Le président français s’est déclaré « vraiment heureux » des résultats du Sommet, car il estime que les mesures adoptées supposent « la réforme la plus profonde du système financier depuis 1945 ». Il n’a pas eu à claquer la porte.

Le département étasunien du Travail a fait savoir que le nombre de personnes ayant continué de toucher des allocations de chômage avait atteint en mars un record historique de 5,73 millions.

Obama a parlé de Bretton Woods. À cette époque, à la fin de la dernière guerre mondiale, les Etats-Unis détenaient 80 p. 100 de l’or du monde et leur économie en plein essor était intacte. Bretton Wood leur concéda le privilège d’émettre la devise convertible alors que le reste des pays étaient ruinés.

Ils disposaient de dollars et d’or, dont les cours sont restés stables pendant plus de vingt-cinq ans, jusqu’à ce que l’administration du moment, ruinée par sa guerre impérialiste au Vietnam, suspendit unilatéralement la conversion du dollar, si bien que les États-Unis ont depuis manipulé à leur guise l’économie des autres pays de la planète.

La crise actuelle est indissolublement liée au système capitaliste de production et de distribution, dont le principal tenant, les États-Unis, a souffert dans son histoire deux grandes crises qui ont eu des effets pendant plus de vingt ans. Celle-ci est la troisième, et les USA n’en sortiront que très lentement. L’Europe le sait par sa propre amère expérience.

Les transnationales étasuniennes ont acheté des biens partout dans le monde grâce à Bretton Woods : elles payaient en or et papiers ; aujourd’hui, elles les achètent avec du papier-monnaie ou monnaie ferraille comme le qualifient les Chinois. Les USA jouissent aussi du rare privilège du droit de veto au Fonds monétaire international. A Londres, on n’a pas dit un seul mot qui engagerait les États-Unis à renoncer à ce privilège.

La prochaine crise surviendra bien plus vite et sera bien plus grave que ne l’imaginent Obama et plusieurs de ses principaux alliés du G-7. Les crises ne se règlent pas à coups de mesures administratives ou techniques, parce qu’elles sont systémiques et touchent toujours plus l’économie et la mondialisation de la planète.

Mais tout le monde ne s’est pas laissé entraîner par l’euphorie de Londres.

Selon une dépêche de l’AFP, la Haut Commissaire des Nations Unies aux droits de l’homme, Navi Pillay, a, ce jeudi-ci, critiqué le Sommet du G-20 en regrettant que les manifestants et les plus les plus pauvres en aient été exclus :

« En tant que Haut Commissaire aux droits de l’homme, je dirais que la politique financière ne devrait pas se borner aux banques, mais s’attacher aux êtres humains dont les inquiétudes devraient être au cœur des débats. Le Sommet du G-20 devrait se concentrer sans retard sur les préoccupations des travailleurs et des paysans pauvres. »

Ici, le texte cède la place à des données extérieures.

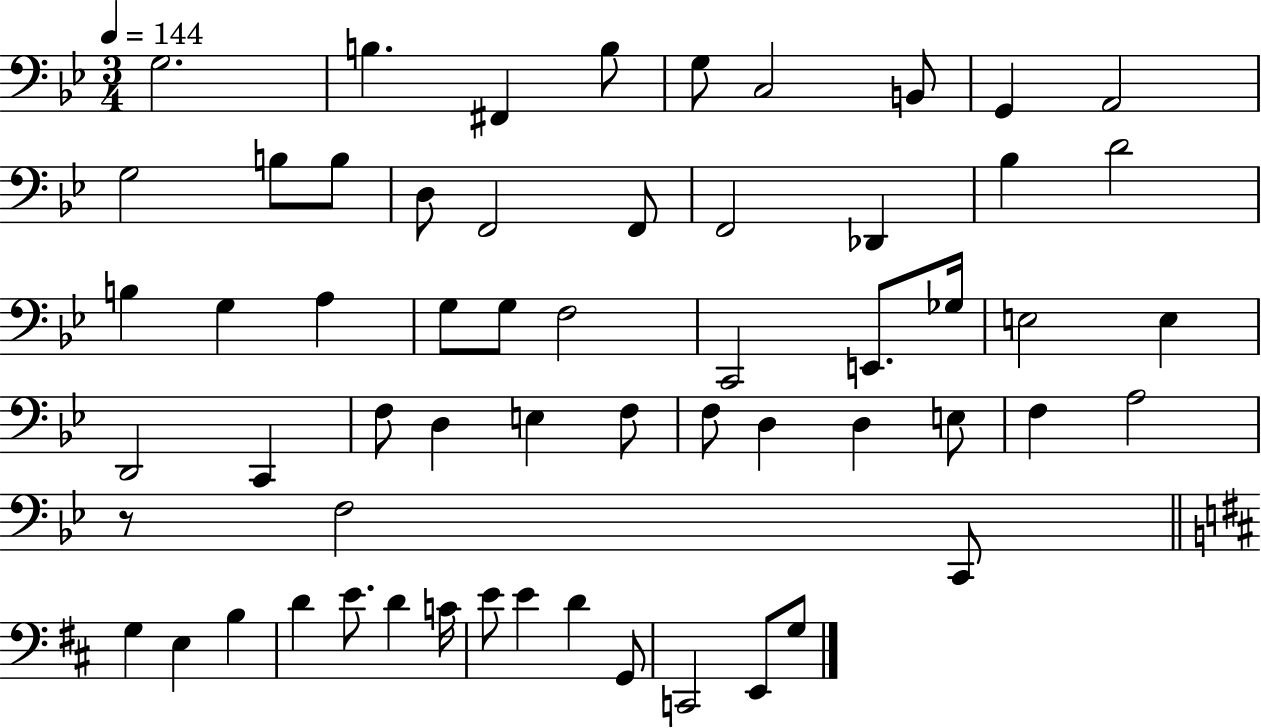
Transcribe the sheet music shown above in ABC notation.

De nombreuses manifestations se sont produites à Londres contre le Sommet.

Selon une autre dépêche, le président de la  Commission de l’Union africaine, Jean Ping, a affirmé au sujet du Sommet : « Nous ne demandons pas aux pays de mettre la main à la poche pour nous donner de l’argent, parce qu’ils l’ont promis, promis et promis, et qu’ils n’ont rien fait. C’est là une mesure qui a déjà été prise l’an dernier. »

Alors que le Sommet adoptait à Londres des mesures censément salvatrices, le spectre des changements climatiques a fait son apparition le jour même de l’adoption du Communiqué final, et c’est là une tragédie encore plus grave que la crise économique.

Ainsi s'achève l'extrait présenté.